------ Given records ------

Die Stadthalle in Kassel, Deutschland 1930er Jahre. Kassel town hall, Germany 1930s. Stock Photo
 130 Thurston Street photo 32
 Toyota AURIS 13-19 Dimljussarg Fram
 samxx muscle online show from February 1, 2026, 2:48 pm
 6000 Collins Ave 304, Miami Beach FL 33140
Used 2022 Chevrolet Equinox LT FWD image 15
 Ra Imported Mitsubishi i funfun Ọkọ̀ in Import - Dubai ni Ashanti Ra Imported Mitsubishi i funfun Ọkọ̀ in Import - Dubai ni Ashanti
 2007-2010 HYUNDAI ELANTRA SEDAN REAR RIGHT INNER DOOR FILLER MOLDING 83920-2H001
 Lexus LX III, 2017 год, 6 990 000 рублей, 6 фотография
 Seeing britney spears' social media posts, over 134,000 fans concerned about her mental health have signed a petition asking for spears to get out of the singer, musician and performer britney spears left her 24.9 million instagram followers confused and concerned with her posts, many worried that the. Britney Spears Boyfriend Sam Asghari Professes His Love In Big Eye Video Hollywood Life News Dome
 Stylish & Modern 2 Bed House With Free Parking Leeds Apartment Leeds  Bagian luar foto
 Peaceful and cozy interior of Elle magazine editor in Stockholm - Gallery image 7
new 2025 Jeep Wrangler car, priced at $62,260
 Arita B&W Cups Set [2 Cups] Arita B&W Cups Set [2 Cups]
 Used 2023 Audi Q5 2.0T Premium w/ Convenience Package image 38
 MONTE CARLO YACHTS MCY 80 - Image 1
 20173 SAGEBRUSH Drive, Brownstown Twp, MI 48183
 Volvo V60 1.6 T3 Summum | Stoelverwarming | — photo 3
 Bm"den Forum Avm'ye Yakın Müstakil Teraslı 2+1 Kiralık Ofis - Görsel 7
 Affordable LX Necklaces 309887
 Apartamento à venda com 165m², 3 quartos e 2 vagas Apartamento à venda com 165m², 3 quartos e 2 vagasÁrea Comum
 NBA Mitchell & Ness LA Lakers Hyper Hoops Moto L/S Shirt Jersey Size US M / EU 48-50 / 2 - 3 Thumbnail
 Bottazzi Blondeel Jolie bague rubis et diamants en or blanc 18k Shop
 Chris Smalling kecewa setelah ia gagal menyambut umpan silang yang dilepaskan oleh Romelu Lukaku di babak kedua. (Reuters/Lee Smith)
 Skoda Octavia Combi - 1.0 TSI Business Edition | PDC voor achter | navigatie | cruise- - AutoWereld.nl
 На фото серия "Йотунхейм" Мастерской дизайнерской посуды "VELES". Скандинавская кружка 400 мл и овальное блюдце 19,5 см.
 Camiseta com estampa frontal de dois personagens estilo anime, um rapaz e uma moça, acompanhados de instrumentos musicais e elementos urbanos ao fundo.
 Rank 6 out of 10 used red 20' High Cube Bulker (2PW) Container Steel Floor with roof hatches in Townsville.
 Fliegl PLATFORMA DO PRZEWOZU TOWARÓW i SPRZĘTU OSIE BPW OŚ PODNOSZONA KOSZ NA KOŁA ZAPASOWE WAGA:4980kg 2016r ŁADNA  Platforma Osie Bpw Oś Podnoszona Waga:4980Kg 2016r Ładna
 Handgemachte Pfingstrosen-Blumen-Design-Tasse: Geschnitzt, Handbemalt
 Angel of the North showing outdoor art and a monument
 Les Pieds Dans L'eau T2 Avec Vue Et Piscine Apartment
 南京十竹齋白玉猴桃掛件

------

The lines above from the one containing "samxx muscle online" through the one containing "Bottazzi Blondeel Jolie" are to be set down exactly, and no others.

*Problem solution:*
 samxx muscle online show from February 1, 2026, 2:48 pm
 6000 Collins Ave 304, Miami Beach FL 33140
Used 2022 Chevrolet Equinox LT FWD image 15
 Ra Imported Mitsubishi i funfun Ọkọ̀ in Import - Dubai ni Ashanti Ra Imported Mitsubishi i funfun Ọkọ̀ in Import - Dubai ni Ashanti
 2007-2010 HYUNDAI ELANTRA SEDAN REAR RIGHT INNER DOOR FILLER MOLDING 83920-2H001
 Lexus LX III, 2017 год, 6 990 000 рублей, 6 фотография
 Seeing britney spears' social media posts, over 134,000 fans concerned about her mental health have signed a petition asking for spears to get out of the singer, musician and performer britney spears left her 24.9 million instagram followers confused and concerned with her posts, many worried that the. Britney Spears Boyfriend Sam Asghari Professes His Love In Big Eye Video Hollywood Life News Dome
 Stylish & Modern 2 Bed House With Free Parking Leeds Apartment Leeds  Bagian luar foto
 Peaceful and cozy interior of Elle magazine editor in Stockholm - Gallery image 7
new 2025 Jeep Wrangler car, priced at $62,260
 Arita B&W Cups Set [2 Cups] Arita B&W Cups Set [2 Cups]
 Used 2023 Audi Q5 2.0T Premium w/ Convenience Package image 38
 MONTE CARLO YACHTS MCY 80 - Image 1
 20173 SAGEBRUSH Drive, Brownstown Twp, MI 48183
 Volvo V60 1.6 T3 Summum | Stoelverwarming | — photo 3
 Bm"den Forum Avm'ye Yakın Müstakil Teraslı 2+1 Kiralık Ofis - Görsel 7
 Affordable LX Necklaces 309887
 Apartamento à venda com 165m², 3 quartos e 2 vagas Apartamento à venda com 165m², 3 quartos e 2 vagasÁrea Comum
 NBA Mitchell & Ness LA Lakers Hyper Hoops Moto L/S Shirt Jersey Size US M / EU 48-50 / 2 - 3 Thumbnail
 Bottazzi Blondeel Jolie bague rubis et diamants en or blanc 18k Shop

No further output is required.